The acting and characterisation was widely praised. Hilton reviewed that the "sterling" cast "bring an increasing sense of unease" to the episode. Rosenstock praised the "nice chemistry" from "Stuart's brashness", "Davis's tentativeness" and "Pia's adventurous attitude", as well as these characters' humour. He found that Pia's greedy side "doesn't go too far" and lauded Herrold's performance of Pia's "horror and disbelief" at the snuff video and "barely concealed fear" in front of Janet. Ed Power, writing in The Daily Telegraph, similarly praised Pia's portrayal as "an outwardly kind person with an inner core that's all ambition" and said Blenkin "shines in the final moments" of the story. For Baker, the episode's highlights were Stuart's "gruff but likeable personality and hilarious quips". However, Robertson critiqued that Davis lacks "a strong enough presence" for his "familial drama" to have emotional impact.

Dolan's role as Janet was also praised.

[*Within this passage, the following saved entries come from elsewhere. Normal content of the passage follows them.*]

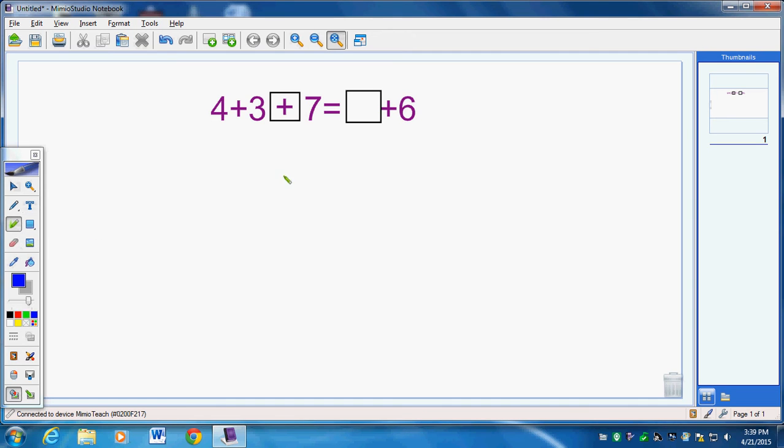And then we draw dots. 1, 2, 3, 4. 1, 2, 3. 1, 2, 3, 4, 5, 6, 7. 1, 2, 3, 4, 5, 6.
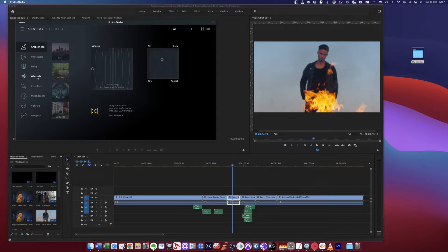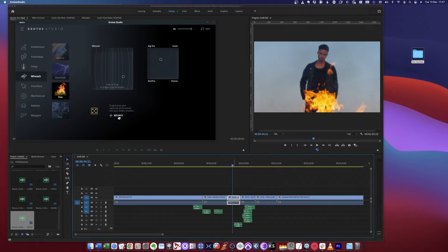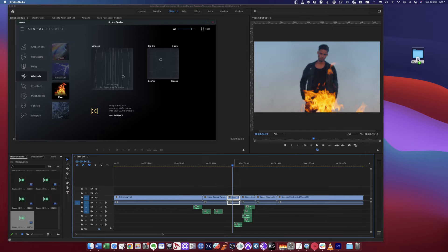You just have to pick a category and a preset, perform the sounds you want, and drag them onto your timeline or any folder on your device.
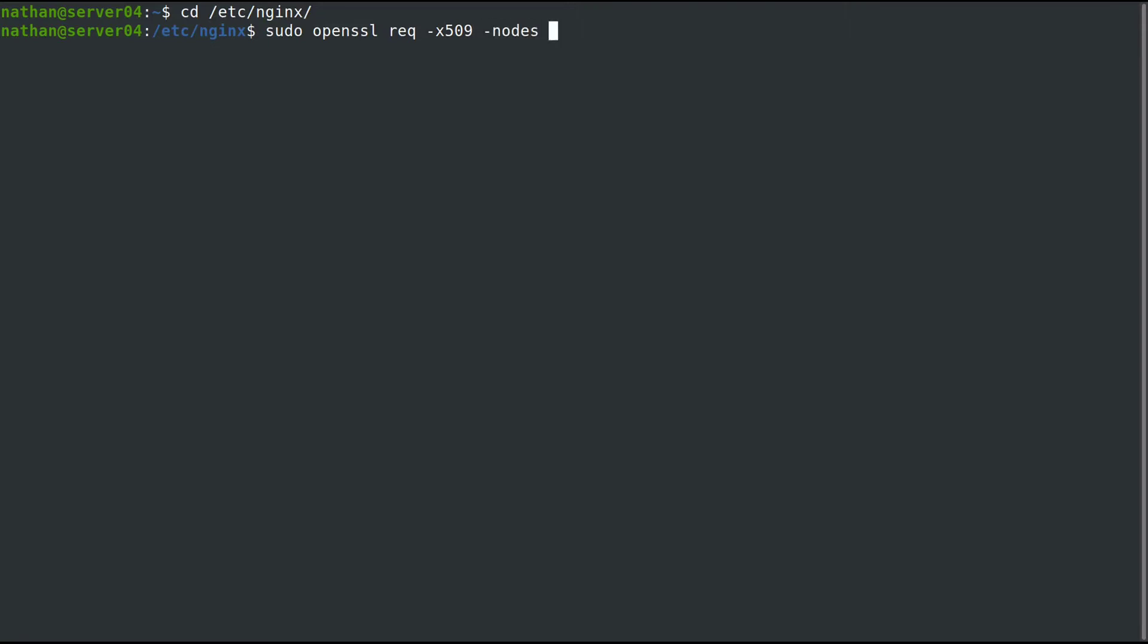Don't encrypt the private key. Good for 10 years. Going to use SHA 384 and RSA 2048 keys, and we do need a new private key.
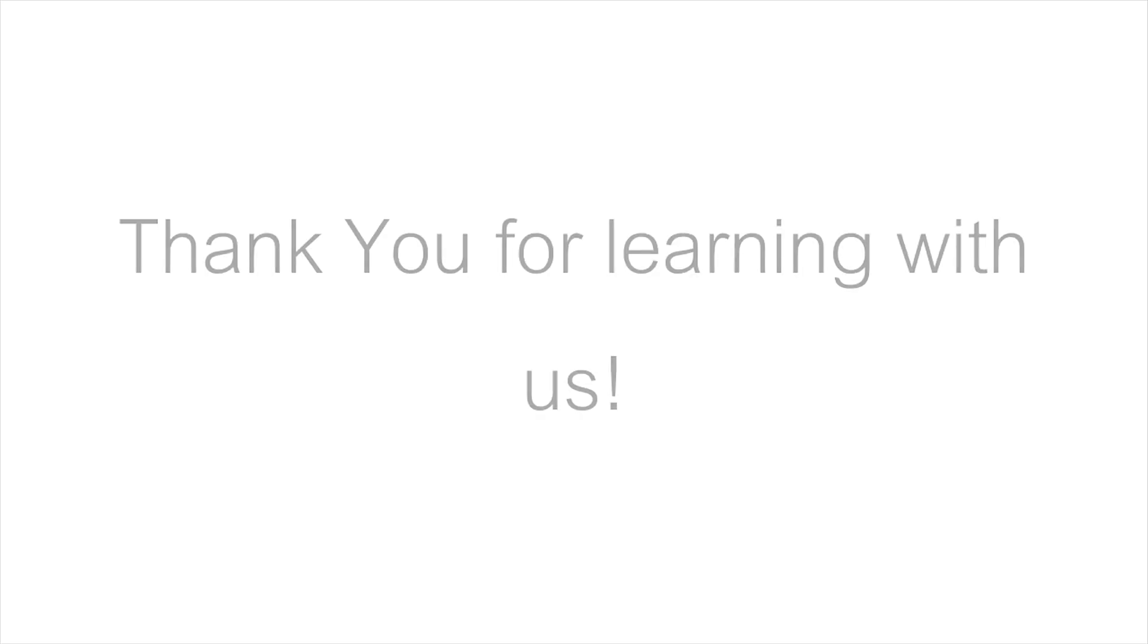We at Scrum Study look forward to seeing you in more of our informational videos. Until then, thank you for learning with us.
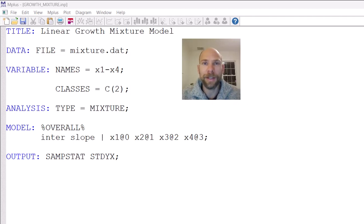Hello everyone. In this video I will walk you through the M-plus syntax for a growth mixture model. My name is Christian Geiser.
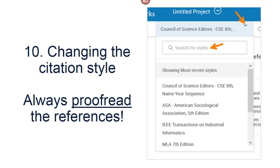If you need another citation style, use the drop-down next to the style that it defaulted to and choose another from the list, or search for the style you need. RefWorks will reformat the citations automatically. Remember, always proofread the references and compare them to the article PDFs. Occasionally, there can be errors in capitalization or authors' names in the original database.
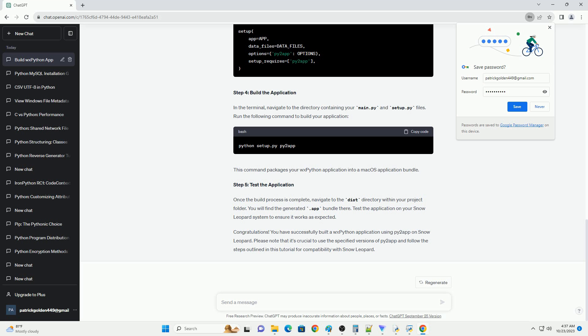Step 6: Repackage the Application. After editing the info.plist file, repackage the application. This will convert the binary info.plist file to XML format, making it editable. Now, WXPython is excluded from the app. Step 7: Test the Application. You can now test your app on Snow Leopard without needing to install WXPython separately.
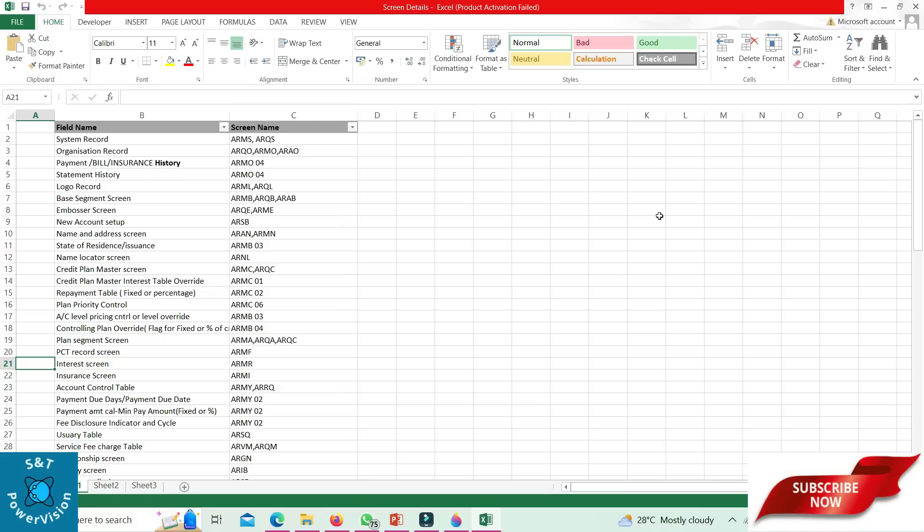Name locator screen: ARNL. Go to ARNL and just enter, based on the setup, any first three characters of the name. After that, press enter and it will show the list of all accounts starting with that name.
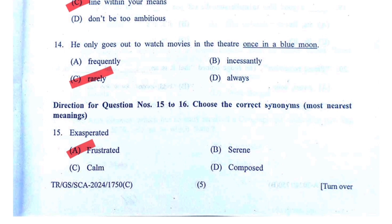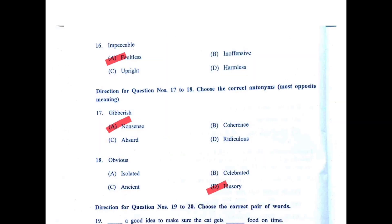Question fifteen/sixteen: 'Impeccable.' He has an impeccable quality of remembering things. Impeccable means faultless — chances are high the answer is faultless. Option B: inoffensive and harmless are less likely. The answer for impeccable is faultless.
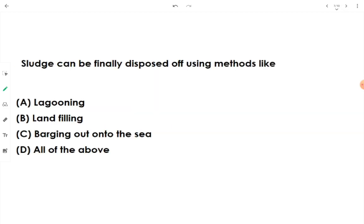Sludge can be finally disposed of using methods like lagooning, sanitary landfill, and barging out into the sea. Barging into the sea is an old practice and is harmful to the flora and fauna of the ocean, so it is no longer commonly used. But since all these are listed disposal methods, we tick all of the above.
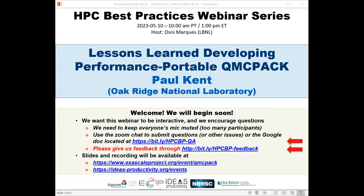Welcome to the HPC Best Practices webinar series. The series is brought to you by the IDEAS Productivity Project, which is part of the XI-Scale Computing Project, the United States Department of Energy. I'm Mosley Marcus from Lawrence Berkeley Lab and will be the host for today's webinar, 'Facilitating Lessons Learned Developing Performance Portable QMC Pack.' The webinar will be presented by Paul Kent.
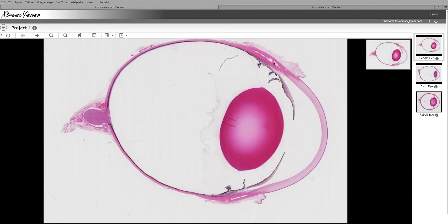This is a contiguous tunic, and at the back here, the sclera makes a little sieve that allows the fibers of the optic nerve to head out and go into the brain where the image is interpreted.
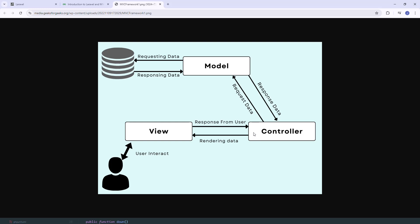MVC helps organize the code and make web applications more maintainable. The Model is linked to the database — it handles the data logic and interaction with the database, and represents the data of the application. The Controller is the middleman that connects the Model and the View, and is responsible for handling user requests and returning responses. The View is responsible for displaying the data to the user.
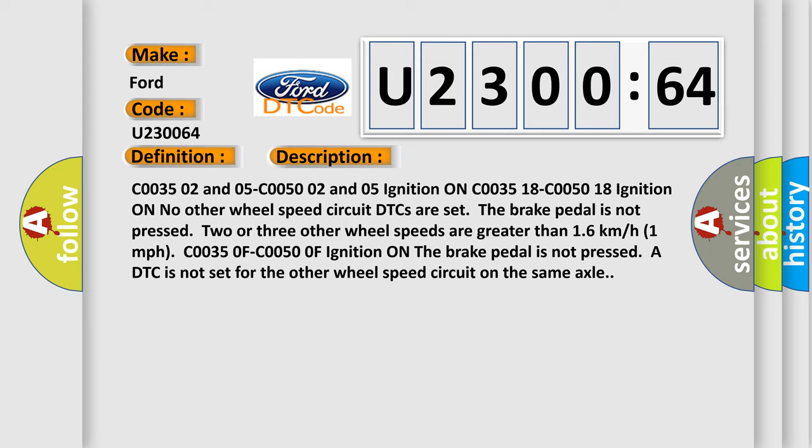C00350F, C00500F. Ignition on, the brake pedal is not pressed. A DTC is not set for the other wheel speed circuit on the same axle.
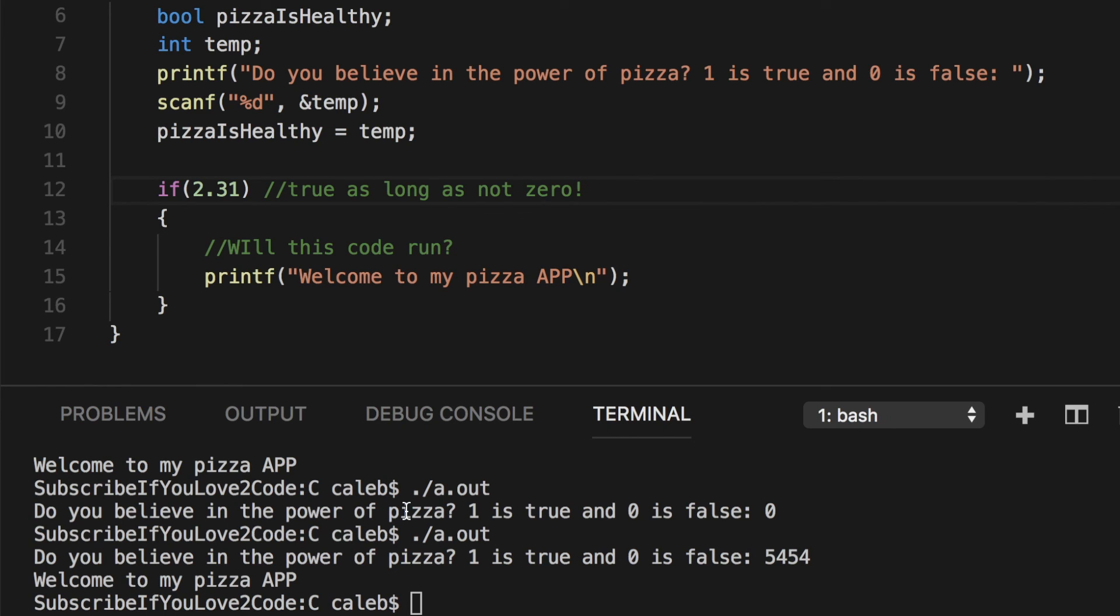But what if we wanted to make a little bit more complexity and only pass this as true if somebody's a certain age within a certain age range?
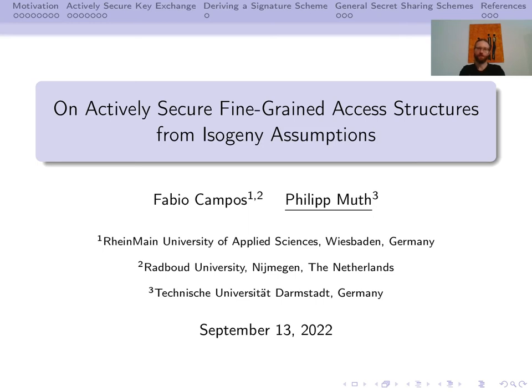Welcome and thank you for your interest in our talk. We will in the next few minutes discuss our work on actively secure fine-grained access structures from isogeny assumptions. This was joint work with Fabio Campos from Rhein-Main University in Wiesbaden.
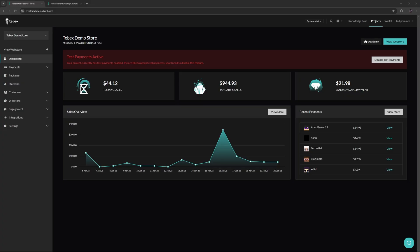Hey everybody, I'm Ted from Tabax. Today we will take a look at payments directly from our Tabax dashboard. We already get a lot of information like today's sales, monthly sales, and the average payment price for this month. We also have the recent payments.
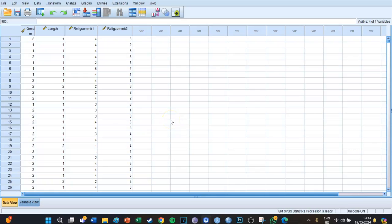Hi guys, my name is Bas and welcome to another SPSS to APA tutorial. In this tutorial series, I will show you how to get the right SPSS output and how to convert that in Microsoft Word to the right APA format. Today we're going to have a look at the one-way ANOVA. If you want to know how to perform this ANOVA, I suggest looking at my SPSS tutorial videos. But today we're going to focus on the output — how do you present it in an APA manner?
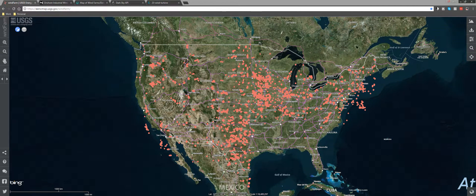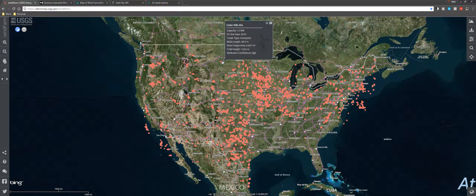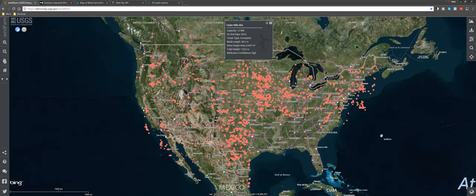I stumbled across this USGS map of all the wind farms in the United States. It's a pretty neat little graph. If you click on any one of these individual wind farms, you can see a number of technical specifications, as well as where exactly in the United States it is located. I really like this map.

Power found that she "captures the duality of a person with dark depths". Rosenstock said that Dolan manages to give "weird vibes from the beginning" that make sense from a "lonely, grief-stricken widow" but suggest something deeper. Though calling Dolan "excellent", Baker criticised her Scottish accent.

=== Episode rankings ===
"Loch Henry" received middling rankings on critics' lists of the 28 instalments of Black Mirror:

- 7th – Brady Langmann, Esquire
- 12th – Charles Bramesco, Vulture
- 12th – Amit Katwala, Matt Reynolds and James Temperton, Wired
- 15th – Lucy Ford, Jack King and Brit Dawson, GQ

- 15th – James Hibbs, Radio Times
- 16th – Ed Power, The Daily Telegraph
- 16th – James Hibberd and Christian Holub, Entertainment Weekly

IndieWire and GamesRadar+ listed the 27 episodes, excluding Bandersnatch, where "Loch Henry" placed 13th and 25th, respectively. The New York Observer described it as the second-best of the five episodes in series six.